Indigenous Men Less Likely to Receive PSA Testing

Rural doctor walking into town
Indigenous men with prostate cancer are also more likely to have higher-risk disease characteristics

(HealthDay News) — Indigenous men are less likely to receive prostate-specific antigen (PSA) testing and are more likely to be diagnosed with higher-risk prostate cancer, according to a study published online in Cancer.

Alex Kiciak, MD, from the University of Alberta in Edmonton, Canada, and colleagues conducted an observational cohort study of men diagnosed with prostate cancer between June 2014 and October 2022 to examine disparities between Indigenous and non-Indigenous men. Data were examined for 1,444,947 men.

The researchers found that men in Indigenous communities were less likely than those outside of Indigenous communities to have PSA testing performed (32 vs 46 PSA tests per 100 men aged 50 to 70 within 1 year). Of the 6049 men diagnosed with prostate cancer, Indigenous men had higher-risk disease characteristics than non-Indigenous men, including a higher proportion with PSA ≥10 ng/ml (48 vs 30%), TNM stage ≥T2 (65 vs 47%), and Gleason grade group ≥2 (79 vs 64%).
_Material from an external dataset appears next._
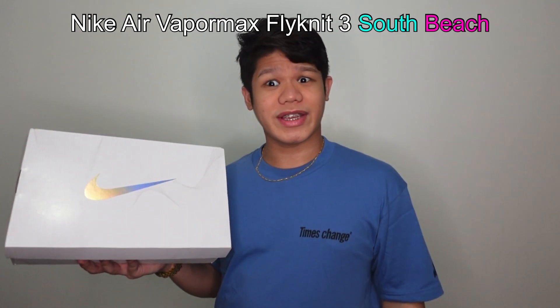What we have here is the Nike Air VaporMax Flyknit 3 South Beach — let's just call it VaporMax South Beach. This is actually a personal pair of mine that I already had in storage but somehow forgot about. So let me give you a brief background. It was actually released October 2019, so it's been a while. One of the reasons why I got the VaporMax South Beach was I saw it online over at the Nike shop, and it was down from 9,500 to 7,419 pesos.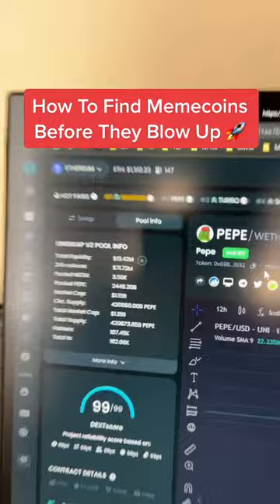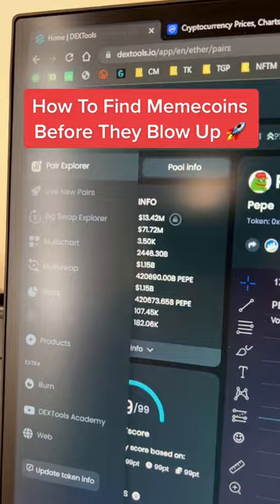The main website everyone's using is dextools.io right here. You're going to come over here and land on this page. You want to come down here and go to Live New Pairs. This is going to show you in real time all of the new meme coin pairs that are being created.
Indigenous men had a higher risk of developing prostate cancer metastases than non-Indigenous men over a median follow-up of 40 months (hazard ratio, 2.3).

“The findings are significant because they identify Indigenous men as a population at risk for more aggressive prostate cancer and potentially worse survival,” a coauthor said in a statement. “Key infrastructure changes, including better access to primary care physicians, may help improve prostate cancer screening and identify men at earlier, and curable, stages of the disease.”

Several authors disclosed ties to the pharmaceutical industry.